The HIMSS 2017 conference, as usual, put up some good numbers.

This year’s edition of the country’s biggest annual gathering of the health IT tribes registered attendance of 42,286.

That crowd was enough to jam Orlando’s capacious Orange County Convention Center and signal that health IT as an industry is in robust health, even if a lot of the chronically ill patients HIMSS vendors are trying to manage are not.

The HIMSS 2017 conference was notable, among other things, for pretty much unfolding without controversy about some major government regulatory issue, such as the meaningful use and information blocking wars of recent years.

Sure, CMS and ONC were at the HIMSS 2017 conference, but their people, by their own admission, didn’t have much to say about their and their agencies’ roles under the new Trump administration.

Jean Moody-Williams, CMS chief strategy officer for the Quality Payment Program under the MACRA healthcare law, said only somewhat jokingly at a packed HIMSS session on the QPP, after being asked to comment on what to expect under the new administration: “I came up here not to say much.”

This is the first year physicians will track a range of QPP quality measures to both avoid Medicare penalties and earn bonus reimbursement. Reimbursement changes are scheduled to start in 2018.

“I do know this is pressing on everyone’s minds. Our priority right now and the direction we have been given is to implement year one policy as it was finalized,” Moody-Williams said, noting that new HHS secretary Tom Price only recently assumed his post a week before the HIMSS 2017 conference. “We are having discussions and as we move into year two and we know more then we’ll be able to give you additional information … all of which you will have the opportunity to comment on.”

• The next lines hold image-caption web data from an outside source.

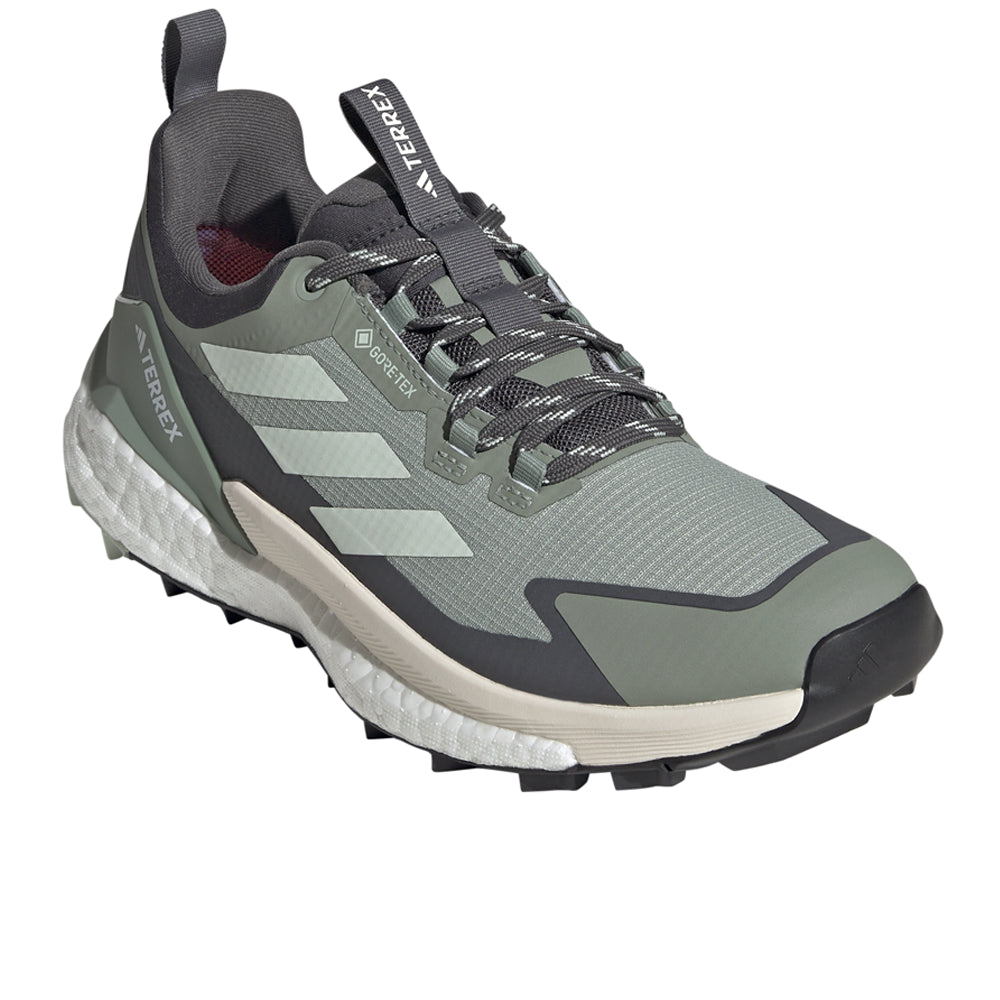 Terrex Free Hiker 2.0 Low Gore-Tex Hiking Shoes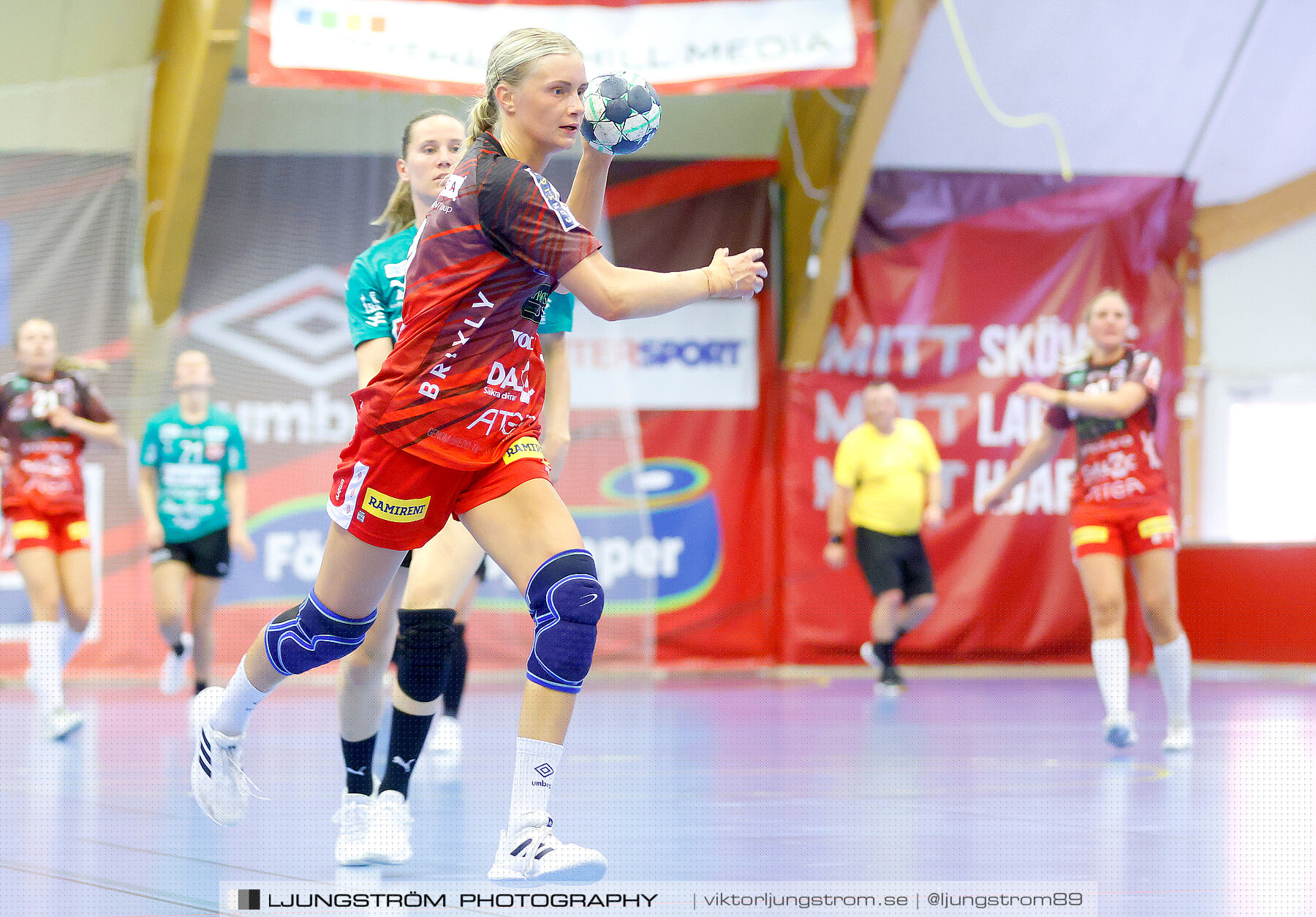 Annliz Cup Superelit Skövde HF-Viborg HK 21-40,dam,Skövde Idrottshall,Skövde,Sverige,Handboll,,2022,291741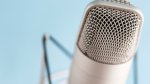 podcast microphone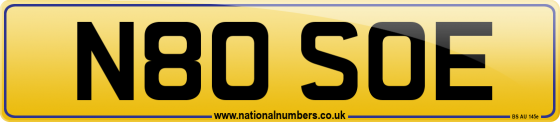 N80 SOE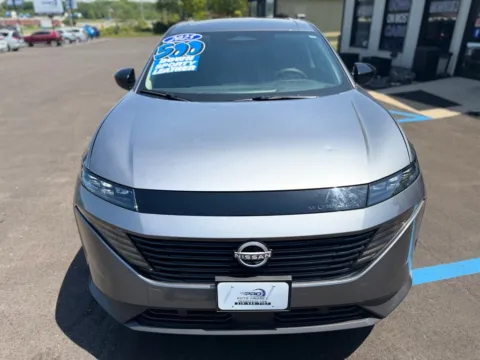 More photos of 2025 NISSAN MURANO SV at Pro Auto Finance, IN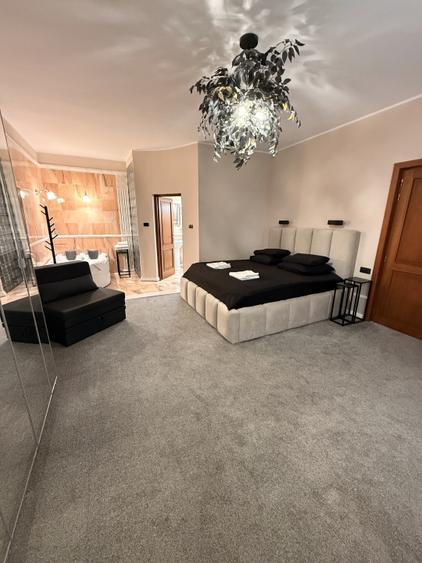 Apartament cu jacuzzi, 60 mp cu jacuzzi si terasa 16 MP, central - 4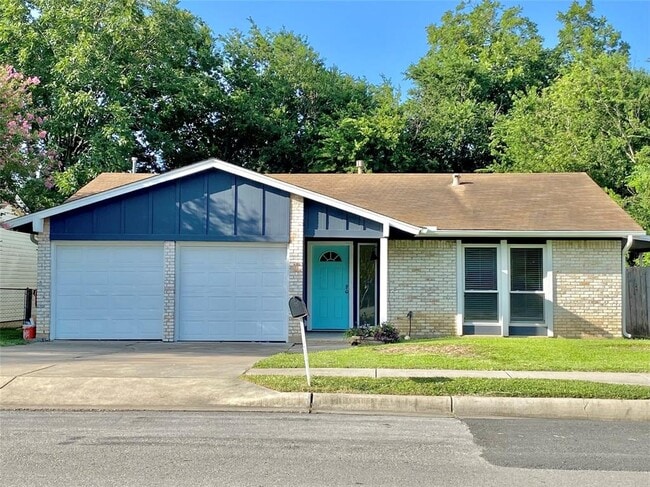 property at 2528 Berkett Dr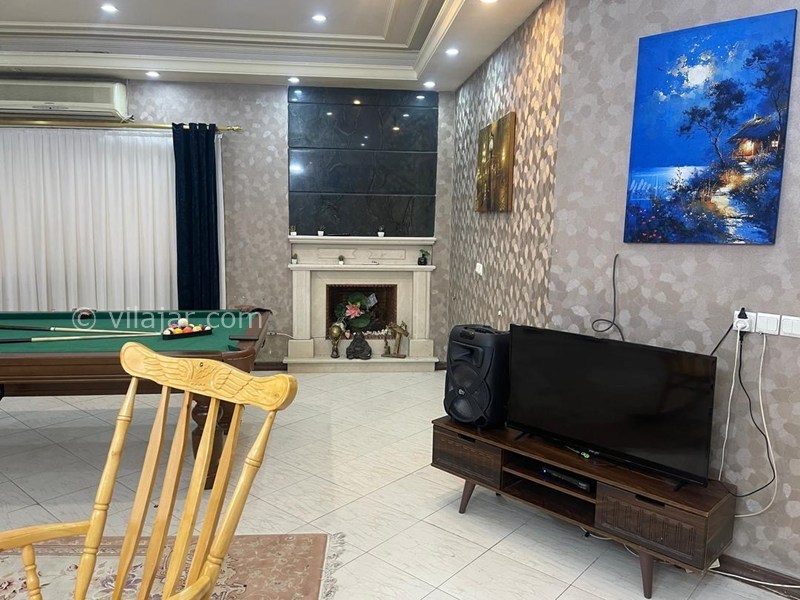 عکس شماره 862223 - ویلا لوکس در شهرک دریاکنار -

One somewhat surprising development was the significant presence of medical imaging at a show that traditionally has revolved around EHRs and their adjunct software technologies.

Evidence of this was a standing room only crowd of 80-plus at a joint HIMSS-Society for Imaging Informatics in Medicine workgroup at the show, an almost unheard of level of attendance.

Monique Rasband, imaging analyst at the KLAS Enterprises health IT market research firm, who was at the meeting, told me that she sees the surge in interest in imaging at HIMSS as a distinct sign that it is becoming part of mainstream health IT.

“Now you’re seeing CIOs and CMIOs taking an active interest in enterprise imaging,” Rasband said.

HIMSS 2017 also was something of a Mecca for the health IT twitterati, with health IT blog publisher John Lynn holding a series of well-attended tweetups.

Toward the end of the frantically busy show, Lynn tweeted out a new HIMSS-related fake ICD-10 code: “HMS17.ORL32: Walked into a lamppost while double-fisting tweeting. Subsequent encounter.”